Causal discovery with TIGRAMITE

TIGRAMITE is a time series analysis python module. It allows to reconstruct graphical models (conditional independence graphs) from discrete or continuously-valued time series based on the PCMCI method and create high-quality plots of the results.

PCMCI is described here: J. Runge, P. Nowack, M. Kretschmer, S. Flaxman, D. Sejdinovic, Detecting and quantifying causal associations in large nonlinear time series datasets. Sci. Adv. 5, eaau4996 (2019) https://advances.sciencemag.org/content/5/11/eaau4996

This tutorial compares PCMCI with FullCI. See the following paper for theoretical background: Runge, Jakob. 2018. “Causal Network Reconstruction from Time Series: From Theoretical Assumptions to Practical Estimation.” Chaos: An Interdisciplinary Journal of Nonlinear Science 28 (7): 075310.
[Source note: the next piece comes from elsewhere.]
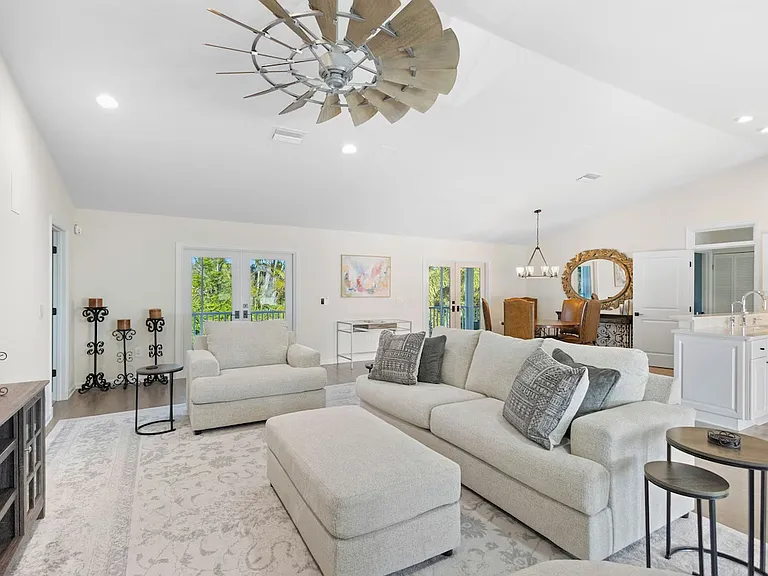 350 Firehouse Ct — Photo 7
Last, the following Nature Communications Perspective paper provides an overview of causal inference methods in general, identifies promising applications, and discusses methodological challenges (exemplified in Earth system sciences): https://www.nature.com/articles/s41467-019-10105-3


In [8]:
# Imports
import numpy as np
import matplotlib
from matplotlib import pyplot as plt
%matplotlib inline     
## use `%matplotlib notebook` for interactive figures
# plt.style.use('ggplot')
import sklearn

import tigramite
from tigramite import data_processing as pp
from tigramite import plotting as tp
from tigramite.pcmci import PCMCI
from tigramite.independence_tests import ParCorr, GPDC, CMIknn, CMIsymb
from tigramite.models import LinearMediation, Prediction

PCMCI vs FullCI

An alternative way to estimate the time series graph is to directly test links by their defining equation (FullCI)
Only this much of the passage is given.